Thierry Omeyer et Luc Abalo, le 21 août à Rio. | ROBERTO SCHMIDT / AFP

Il n’y a pas eu de miracle, et on s’en étonnerait presque. Au cours de la glorieuse décennie écoulée, l’équipe de France de handball s’est si souvent retrouvée au bord du précipice sans jamais y tomber, elle a remis à l’endroit tant de rencontres parties à l’envers, que lorsqu’elle est revenue à un but du Danemark (26-25), trois minutes avant la fin du match, il semblait que ses joueurs allaient une fois de plus retomber sur leurs pattes.

Et puis non. Les Scandinaves, en réussite maximale, sont parvenus à les leur briser pour de bon dans les derniers instants, à les mettre à genoux et à récupérer sur leur tête la couronne qu’ils portaient depuis huit ans (28-26). Après le sacre à Pékin en 2008 et la confirmation à Londres quatre ans plus tard, le règne olympique s’est achevé à Rio, dimanche 21 août, pour des Bleus qui échouent dans la quête d’un triplé inédit – inédit dans le handball masculin, mais déjà réussi par les Danoises (1996, 2000, 2004).

Comme leurs homologues féminines, défaites vingt-quatre heures plus tôt par la Russie (22-19), les handballeurs français se contentent de l’argent, une première sous l’ère Claude Onesta, entamée en 2001, et ponctuée de huit finales victorieuses depuis celle de l’Euro 2006, une réussite presque insensée. « On s’est tellement habitués à l’or, le public, le peuple français, nous-mêmes, qu’arriver en finale et perdre, c’est dur, réagissait à chaud Nikola Karabatic. Mais même si elle n’est pas en or, cette médaille représente beaucoup, et, quelque part, c’est beau de se dire qu’on est déçus de rapporter une médaille des JO. »

« Une aventure réussie »

Parmi les neuf joueurs sur quinze qui, contrairement au maître à jouer des Bleus, n’avaient jamais vécu les Jeux auparavant, pointait parfois un sentiment d’échec, comme chez le fougueux Valentin Porte, 25 ans, qu’on reverra à Tokyo dans quatre ans :« On avait tout pour remporter l’or, donc pour le moment, j’ai vraiment du mal à savourer cette médaille. Peut-être qu’en France, à tête reposée… »« Elle est déjà belle aujourd’hui, se consolait à l’inverse Michaël Guigou, de toutes les aventures depuis douze ans. Et quand on la mettra à côté des autres, finalement, c’est celle qu’on verra le plus. »

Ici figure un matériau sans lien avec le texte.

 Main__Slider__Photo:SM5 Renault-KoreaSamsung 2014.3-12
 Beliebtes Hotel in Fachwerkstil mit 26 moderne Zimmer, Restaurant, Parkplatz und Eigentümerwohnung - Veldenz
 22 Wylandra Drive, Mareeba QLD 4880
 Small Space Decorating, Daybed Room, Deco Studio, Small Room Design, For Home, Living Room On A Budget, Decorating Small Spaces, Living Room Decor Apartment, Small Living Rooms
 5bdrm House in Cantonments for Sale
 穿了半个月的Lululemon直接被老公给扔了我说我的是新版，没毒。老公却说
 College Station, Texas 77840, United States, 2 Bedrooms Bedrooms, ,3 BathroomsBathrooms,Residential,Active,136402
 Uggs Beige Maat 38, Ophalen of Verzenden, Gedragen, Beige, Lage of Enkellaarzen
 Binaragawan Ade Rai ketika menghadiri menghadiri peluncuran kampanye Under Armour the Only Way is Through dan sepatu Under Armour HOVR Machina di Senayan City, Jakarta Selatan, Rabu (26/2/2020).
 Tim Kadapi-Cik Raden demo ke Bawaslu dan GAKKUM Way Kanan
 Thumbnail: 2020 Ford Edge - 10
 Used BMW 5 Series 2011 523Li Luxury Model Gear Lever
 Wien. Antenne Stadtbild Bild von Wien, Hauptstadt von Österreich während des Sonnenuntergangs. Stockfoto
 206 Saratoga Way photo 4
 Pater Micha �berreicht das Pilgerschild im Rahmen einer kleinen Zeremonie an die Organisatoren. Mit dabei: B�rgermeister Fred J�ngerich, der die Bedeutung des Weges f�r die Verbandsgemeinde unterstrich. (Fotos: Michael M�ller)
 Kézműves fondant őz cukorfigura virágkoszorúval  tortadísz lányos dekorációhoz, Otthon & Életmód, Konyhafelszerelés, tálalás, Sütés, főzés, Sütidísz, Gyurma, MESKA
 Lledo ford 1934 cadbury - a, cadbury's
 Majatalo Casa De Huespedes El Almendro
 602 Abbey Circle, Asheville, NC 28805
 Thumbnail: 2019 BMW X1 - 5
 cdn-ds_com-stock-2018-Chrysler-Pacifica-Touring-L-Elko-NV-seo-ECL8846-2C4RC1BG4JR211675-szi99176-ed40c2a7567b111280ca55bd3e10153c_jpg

Avant d’aller fumer une cigarette à l’extérieur de la salle, Claude Onesta acquiesçait :« Je peux vous assurer que cette médaille, personne ne va la jeter. Il manque un petit coup de lumière dans le décor, mais ça restera une aventure réussie. »

« On ne peut pas gagner à tous les coups, philosophait Philippe Bana, le directeur technique national. Ces Danois, normalement, c’était la meilleure génération de l’histoire de la planète, ils auraient dû colorer l’olympiade, et on les a défoncés régulièrement ces dernières années. Alors, c’est quand même une forme de justice qu’à un moment donné le pendule retombe dans l’autre sens. »

Effacés, les traumatismes de 2011 (défaite en finale du Mondial en Suède, 37-35 après prolongation) et de 2014 (défaite en finale de l’Euro au Danemark, 41-32). Enfin, les coéquipiers du génial Mikkel Hansen ont battu les Bleus dans un match qui compte : « C’est une grande satisfaction, surtout quand on se souvient qu’ils nous avaient plus ou moins détruits lors des deux dernières finales. Remporter une médaille d’or contre de tels joueurs… »

La revanche de cette revanche est déjà programmée, dans cinq mois, lors du championnat du monde (11-29 janvier). Le tournoi aura lieu en France, ce qui rassure Claude Onesta : « Ce serait ailleurs, j’aurais peut-être plus de doutes sur la capacité à se réinstaller dans quelque chose d’ambitieux, mais jouer à domicile va être un élément de mobilisation maximale, explique le sélectionneur, qui vivra alors son dernier tournoi à la tête de l’équipe. Et d’évidence, on ne sera pas sur un excès de confiance. On aurait gagné ici, ça aurait peut-être été plus sournois à gérer. »

Sans aller jusqu’à s’en réjouir, disons que c’est là sans doute l’une des deux principales conséquences positives de la défaite des « Experts » à Rio. L’autre étant la probable disparition de ce surnom-marketing présomptueux qui n’a plus vraiment lieu d’être.